I would also add another linked point. Emerging markets would do well to broaden their financial intermediation systems in future. There are clear advantages to be had from avoiding excessive reliance on banks. Measures to promote domestic bond markets are well worth considering. Of course low and stable inflation is an important prerequisite, but there may be other tax and market infrastructure issues to consider as well.
Beyond these pre-conditions, there is of course the need for appropriate regulatory institutions, and for those institutions to be given the power and independence to pursue the good principles of supervision which are available, in the well specified form, from the international groupings of regulators. The appropriate institutional arrangements will certainly vary, country by country, depending on the nature of their public institutions, on the one hand, and on the structure of the financial markets, on the other. In some cases it may be appropriate for banking, securities and insurance supervision to be carried out separately. That may be so, for example, where the sectoral divisions are enshrined in law, as has been the case until very recently in the United States, for example.
In a country like the United Kingdom, where there are no impediments to banks owning insurance companies, or vice versa, and where both can engage in securities business, there is in my view a powerful case for a single regulatory institution, as we have now established, following models pioneered in Scandinavia. We have since been followed by Japan and Korea, among others.
And what of the rôle of the central bank? Here, again, I do not think that there is a general answer, applicable at all times and in all countries. We have reached the view that, in the UKs circumstances, it makes sense to separate banking supervision from the monetary authority. That is partly, indeed perhaps very largely, because we believe that banking, securities and insurance supervision should be put together. And securities supervision, particularly the investor protection dimensions, are not the natural habitat of central banks. The government also took the view that it would be easier for the Bank of England to establish its credibility as an independent monetary institution if it were not at the same time engaged in the messy, and sometimes mucky business of banking supervision! Bank failures there inevitably will be, even in the best regulated market perhaps particularly in the best regulated market, I might add! (Since, following my earlier strictures about the rôle of markets, a financial system in which bank failure was impossible would be highly unlikely to be the most efficient and effective system available).
On the other hand, in countries where the central bank is well established as an independent institution, and where the interplay between the banking system and the governments finances, perhaps because of state ownership, or state run programmes of lending, is close, then one can see a stronger argument for central bank involvement in banking supervision.

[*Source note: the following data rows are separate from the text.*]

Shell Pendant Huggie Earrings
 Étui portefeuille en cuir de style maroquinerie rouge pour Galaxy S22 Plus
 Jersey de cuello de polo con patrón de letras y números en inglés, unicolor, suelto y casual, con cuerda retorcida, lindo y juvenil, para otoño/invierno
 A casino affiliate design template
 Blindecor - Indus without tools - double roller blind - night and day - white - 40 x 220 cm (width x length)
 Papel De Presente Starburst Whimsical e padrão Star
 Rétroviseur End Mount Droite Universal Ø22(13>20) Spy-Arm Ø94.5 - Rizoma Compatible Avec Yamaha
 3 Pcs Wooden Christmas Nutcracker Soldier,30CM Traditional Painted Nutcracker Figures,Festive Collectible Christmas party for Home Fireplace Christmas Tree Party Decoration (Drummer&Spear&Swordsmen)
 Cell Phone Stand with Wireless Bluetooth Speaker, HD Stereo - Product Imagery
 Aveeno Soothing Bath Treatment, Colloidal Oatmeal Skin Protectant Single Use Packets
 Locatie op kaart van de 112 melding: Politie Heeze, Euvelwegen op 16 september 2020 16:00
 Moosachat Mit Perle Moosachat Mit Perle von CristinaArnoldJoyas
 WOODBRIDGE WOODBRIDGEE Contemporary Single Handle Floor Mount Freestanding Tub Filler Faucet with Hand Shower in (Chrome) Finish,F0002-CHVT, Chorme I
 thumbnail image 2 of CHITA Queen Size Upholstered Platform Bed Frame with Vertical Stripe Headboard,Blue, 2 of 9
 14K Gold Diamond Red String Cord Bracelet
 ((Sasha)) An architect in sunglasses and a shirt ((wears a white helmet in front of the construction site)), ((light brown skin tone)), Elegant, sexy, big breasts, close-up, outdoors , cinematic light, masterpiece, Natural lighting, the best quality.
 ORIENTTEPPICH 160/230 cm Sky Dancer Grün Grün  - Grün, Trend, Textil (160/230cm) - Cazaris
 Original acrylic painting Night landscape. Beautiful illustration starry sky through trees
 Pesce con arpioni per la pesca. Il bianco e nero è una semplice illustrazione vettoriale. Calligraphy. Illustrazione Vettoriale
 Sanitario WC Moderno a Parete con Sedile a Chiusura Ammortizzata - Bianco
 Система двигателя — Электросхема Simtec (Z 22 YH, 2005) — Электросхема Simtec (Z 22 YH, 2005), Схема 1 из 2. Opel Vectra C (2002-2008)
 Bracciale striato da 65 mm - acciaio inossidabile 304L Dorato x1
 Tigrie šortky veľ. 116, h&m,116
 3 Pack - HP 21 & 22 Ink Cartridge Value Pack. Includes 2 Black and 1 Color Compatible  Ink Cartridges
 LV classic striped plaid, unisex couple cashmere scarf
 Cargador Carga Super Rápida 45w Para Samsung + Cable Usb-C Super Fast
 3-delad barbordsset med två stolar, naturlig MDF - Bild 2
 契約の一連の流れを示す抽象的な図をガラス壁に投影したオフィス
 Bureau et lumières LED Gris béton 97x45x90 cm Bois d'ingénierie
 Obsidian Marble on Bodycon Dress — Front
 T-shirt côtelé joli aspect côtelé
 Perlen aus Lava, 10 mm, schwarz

I think it is fair to say that, internationally, there is a modest trend towards the separation of monetary and supervisory responsibilities, but that is certainly not true everywhere, and a recent paper from some academic enthusiasts for merging banking, securities and insurance supervision has argued that, in many developing countries, the central bank remains the most appropriate home for prudential supervision.
I would re-emphasise that, in my view, independence and the ability to take unpopular decisions and carry them through is far more important than the title of the institution, or its relationship with the central bank or ministry of finance.
Lastly, and this is always a popular point to make to institutions responsible for financial supervision, it is vital to have well staffed, well trained and well paid financial regulators! It is a struggle, everywhere, to maintain a strong cadre of regulators. While financial institutions complain about regulators, often rather vociferously, they also show an enormous appetite for recruiting and employing their staff. We find that the right structures and disciplines are created if the regulator is as close as possible to the market place and, in particular, if the regulator is paid for by financial institutions themselves. That is the case in London. It does not resolve all funding problems, but it does mean that if we need to raise more funds because market salaries are rising, then the institutions concerned can understand the point, and indeed have the basis to contest it if it is wrong. So I am strongly in favour of market based funding systems for regulators, which put the incentives for economy and efficiency, on the one hand, and for maintaining appropriate levels of expertise on the other, in the right place. It also has the optical benefit of achieving a reduction in recorded levels of public expenditure, something which ministries of finance around the world are devoted to achieving.
Conclusions
As I close, I will try briefly to summarise the argument I have attempted to make this evening.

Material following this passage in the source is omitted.